Among those fans were local children (including my cousin Phillip) from 75 schools as the club tried to take the club to the locals to generate future support. After today I doubt many will be rushing back next season even for £2 a ticket.

It should have been the game we expected with Gerry Francis making the surprise choice of playing with three up front in a 4-3-3 formation. Mark Perry and Paul Bruce operated as full backs but both seemed to have a licence to get forward. Baraclough and Ready played as center backs with a midfield three of Peacock, Langley and Wardley. Taylor made his full debut up front alongside Kiwomya and Beck in what must have been Rangers most attacking line up on paper this season.

Sadly the game was played on grass instead of paper and Swindon tore Rangers apart early on. We looked all over the place at the back with hitting an excellent shot past Harper but it curled wide of the post. Swindon had four good chances early on, heading over once and seeing shots fly wide or straight at Harper.

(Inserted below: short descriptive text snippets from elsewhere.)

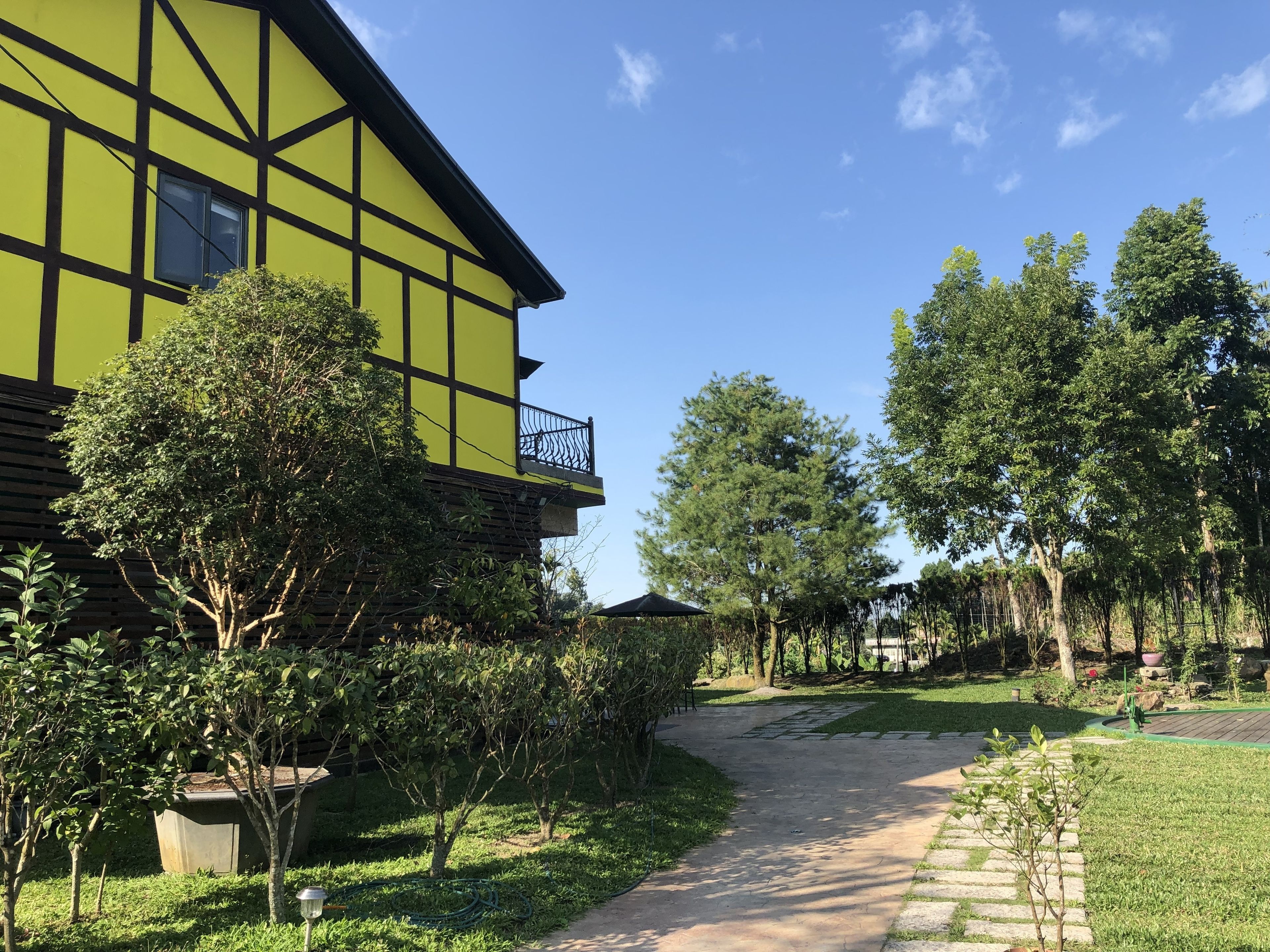 A green building with a balcony, surrounded by trees and a pathway.
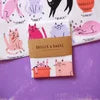 Load image into Gallery viewer, A small pink and white patterned card or booklet with a gold border, placed on a purple surface. The card has a pink illustration of a woman's face and hair at the top and a small pink graphic at the bottom.
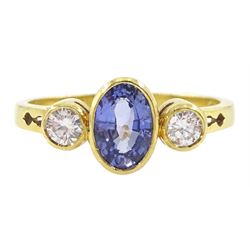 18ct gold three stone oval cut sapphire and round brilliant cut diamond ring, hallmarked, ...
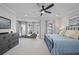 Spacious bedroom features a large bed, chaise lounge, modern dresser, and abundant natural light from large windows at 414 Concord St, Alpharetta, GA 30009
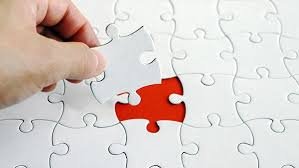 O mână care așază ultima piesă de puzzle la locul ei, simbolizând găsirea soluției și a strategiei pentru depășirea obstacolelor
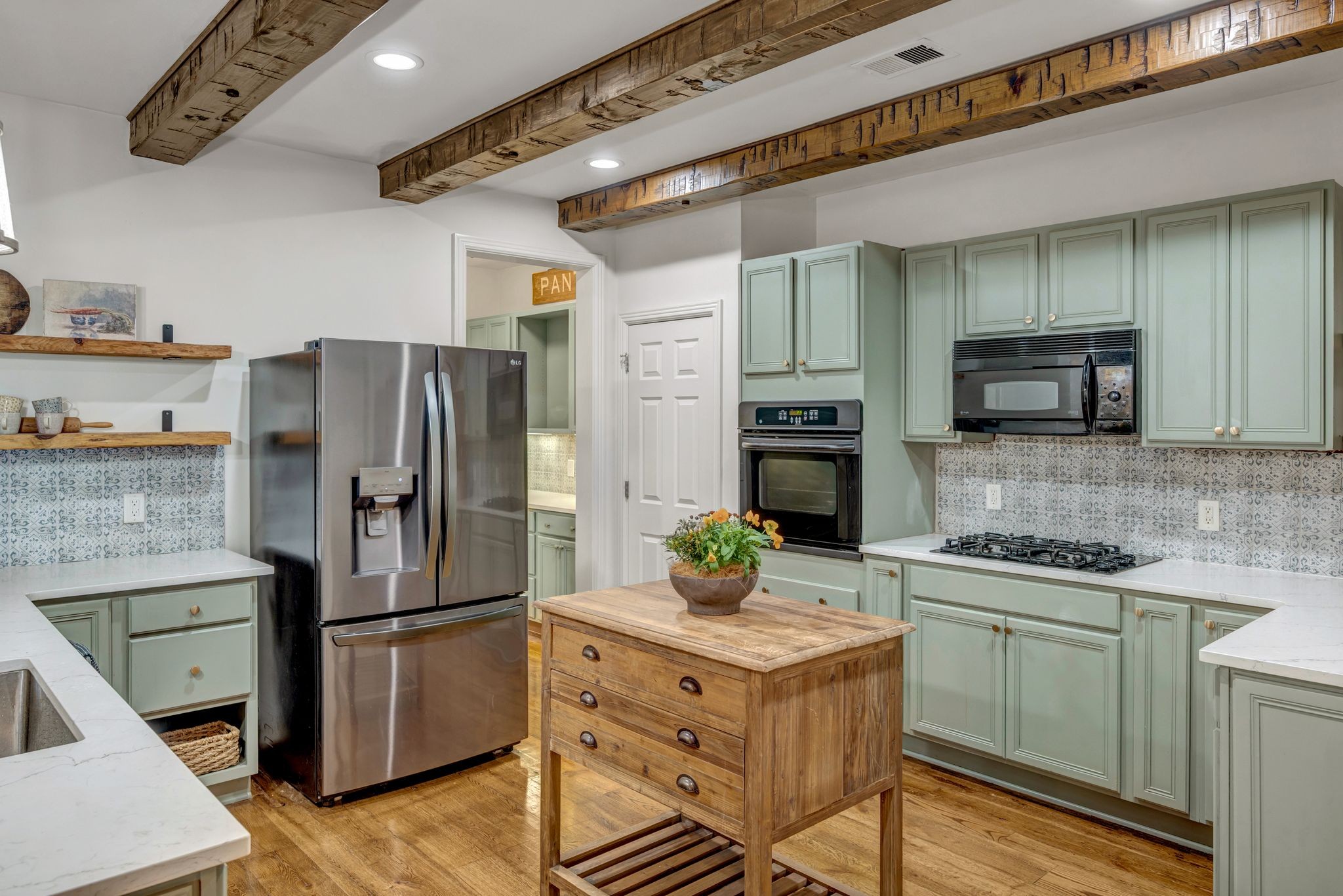 300 Addison Avenue Franklin, TN 37064 - Photo 11 of 35 a kitchen with stainless steel appliances a refrigerator a stove a sink and a microwave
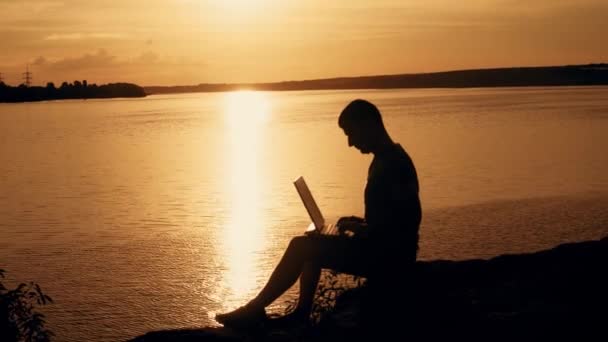 在山顶上的日落 背景下 男人坐在笔记本电脑上工作 — 图库视频影像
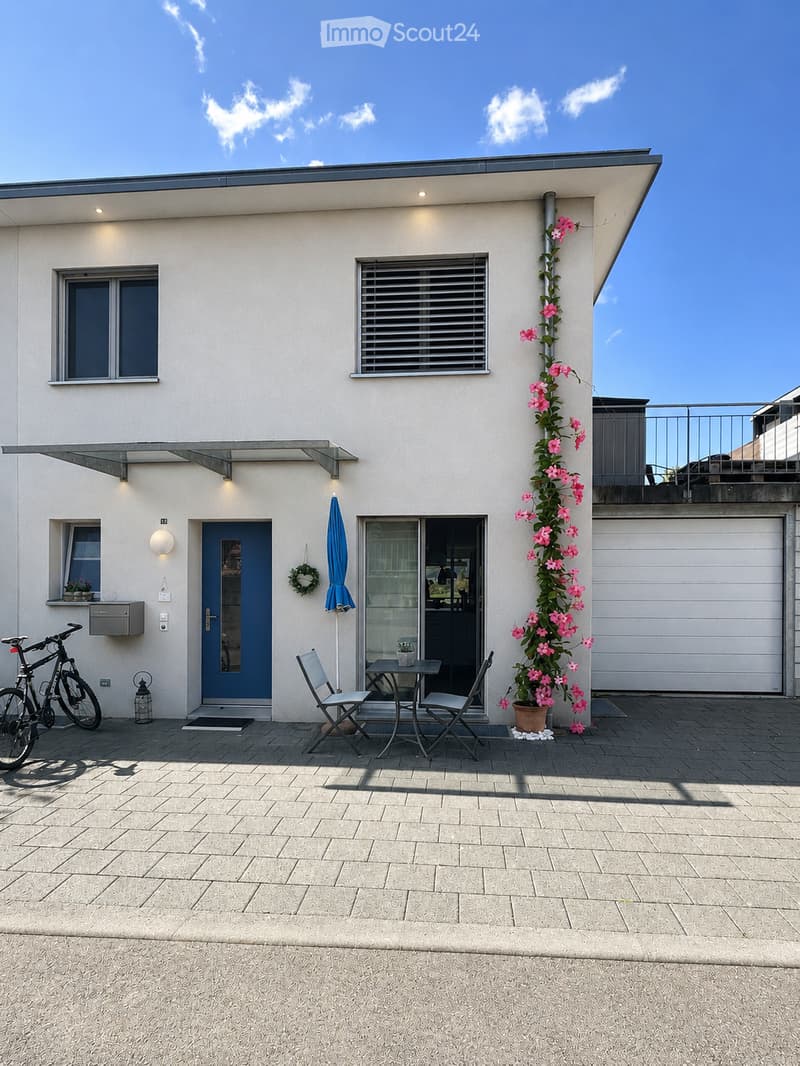 Modern house exterior with a paved patio area featuring a small table, two chairs, a bicycle, and a potted plant with pink flowers. The house has a blue front door, large windows, and a garage.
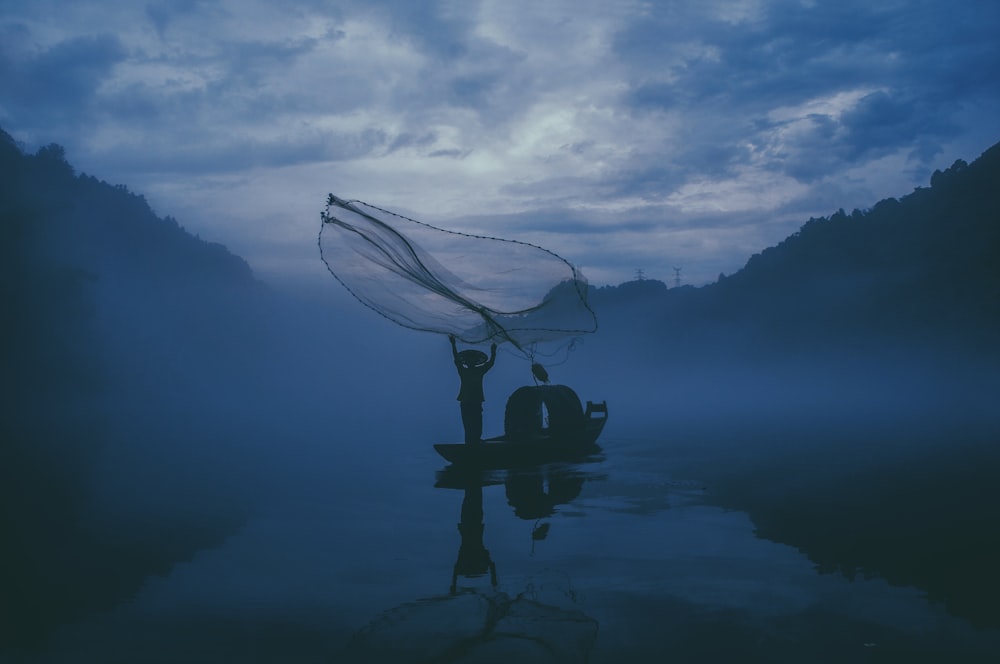 Person, die nachts in einem Gewässer fischt
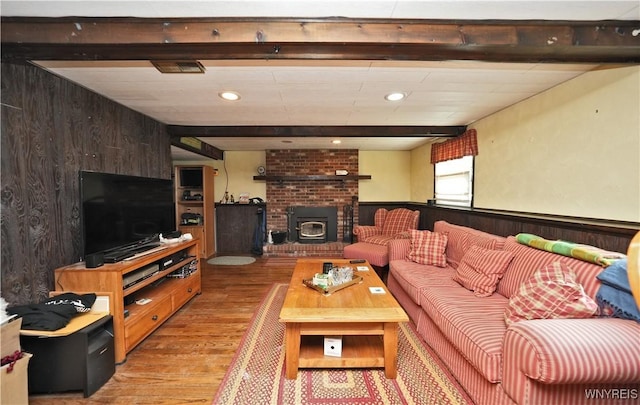 living room featuring recessed lighting, beamed ceiling, wood walls, and light wood finished floors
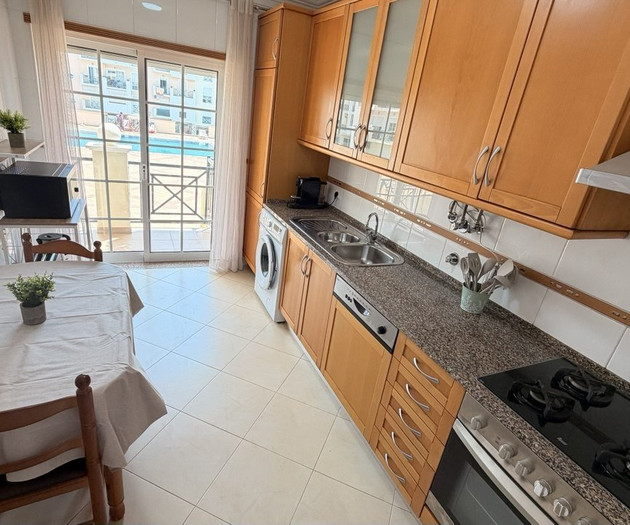 Kitchen with stove and pool view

Rangers looked to be playing at half pace and the crowd was as quiet as I have heard it in ages at loftus Road. Even the Q Block was half-empty and those who were standing in the Q Block were surprisingly quiet. Rangers seemed to have the ability to open Swindon up with some good attacking moves breaking down with poor final balls. Kiwomya and Beck almost found themselves through on separate occasions.

The opening goal came on 23 minutes after a clever set piece. Swindon had been playing the offside trap very well against Baracloughs usual chipped free kicks from half way. Baraclough changed the routine and knocked it to Kiwomya who was in space on the right. He knocked the ball forward and put in an excellent cross for Karl Ready to head home.

Mark Perry then ran down the right and was brought down in the area for a penalty. Langley seemed keen to take it but Mikkel Beck stepped up to stroke home a very well taken spot kick. Beck looked delighted and that was his third penalty he has scored since joining Rangers on loan.

This should have been the first of many but Rangers decided they had done enough and appeared to slip back into fifth gear. Former Rangers winger Michael Meaker was causing Paul Bruce to many problems beating him time and again with his strength and pace. Two assets he never showed when he was at Loftus Road.

It was another fine run by Meaker, which led to the goal of the game. Meaker picked out Graziloi whose overhead kick looked almost unstoppable. A superb goal and the best I have seen at Loftus Road this season. Swindon looked the more dangerous and earned themselves some late corners but Rangers held on to half time.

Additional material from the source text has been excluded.